One aspect that fascinates me is how speakers of languages create new words to describe novel things. English, for example, inherited from its German-based ancestor the tendency to jam existing words together to describe a new thing. An example: the German Bahnhof  is the marriage of the words for train and house, meaning train station.

I've noticed a tendency in the Spanish-speaking food lexicon to create adjectives (and then nouns from those adjectives) using the prefix en or em, meaning in, and a noun, the resulting adjective meaning something contained in or smothered in or by the noun. Let's take one that we pretty much all know: enchilada. Enchilado means smothered in a sauce of chile and by extension an enchilada is a tortilla rolled around a filling and smothered in a wonderful chile sauce.

Off the top of my head, I can think of several others: enmolado, smothered in mole; encebollado, smothered in onion sauce; entomatado, smothered in tomato sauce; empanada, wrapped in pan (bread); and less commonly emparedado, a sandwich (torta/bolillo) between walls (paredes), that is, walled between two slices of bread.

Enfrijoladas de Pollo
Which leads me in a roundabout fashion to enfrijoladas. Now that you know the key, you can figure out for yourself that this means smothered in a sauce of frijoles, beans, seasoned with chipotle. This is a wonderful dish that deserves the acclaim given to its cousin enchiladas. Enfrijoladas are rarely found here north of the border, but they are such good comforting peasant food that I wonder why people aren't clamoring for them.

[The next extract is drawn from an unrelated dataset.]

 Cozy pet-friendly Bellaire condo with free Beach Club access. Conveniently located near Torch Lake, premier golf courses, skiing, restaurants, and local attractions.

Roasted Chicken, Onion, Cilantro, and Cotija Filling
If you've ever made enchiladas, you pretty much already know how to make enfrijoladas. Decide on what you want for a filling and prep that. For this batch, I had some chicken thighs that I roasted on a bed of onion slices leftover from another meal. I mixed the shredded chicken with the chopped roasted onions, cilantro, and a bit of cotija cheese. You can put anything, or nothing at all, in your enfrijoladas.

I have seen enfrijoladas in which the tortillas were dredged in bean sauce, folded in quarters like crepes, topped with a bit more sauce and a sprinkle of cheese, and run under the broiler to melt the cheese. That sounds like pretty good stoner food to me!

To make the bean sauce, cook a batch of frijoles de la olla, pot beans. Put some cooked beans, a whole chipotle, and several ladles of bean broth in the blender and blend briefly to get a loose bean sauce, slightly thicker than chile sauce. Season to taste.

Fry tortillas briefly in oil to soften them and to seal them against the bean sauce, just a few seconds on each side. Remove from the oil before they become crisp or take on any color.

Assembling Enfrijoladas
To assemble the enfrijoladas, put some of the bean sauce in a plate. Dip both sides of the tortilla in the sauce and lay on some filling. Roll the tortilla around the filling and transfer to an oiled casserole dish. When all the enfrijoladas are assembled, pour a little more sauce over the top of the dish and bake in a moderate (350F) oven until the dish is heated through, perhaps 20 minutes.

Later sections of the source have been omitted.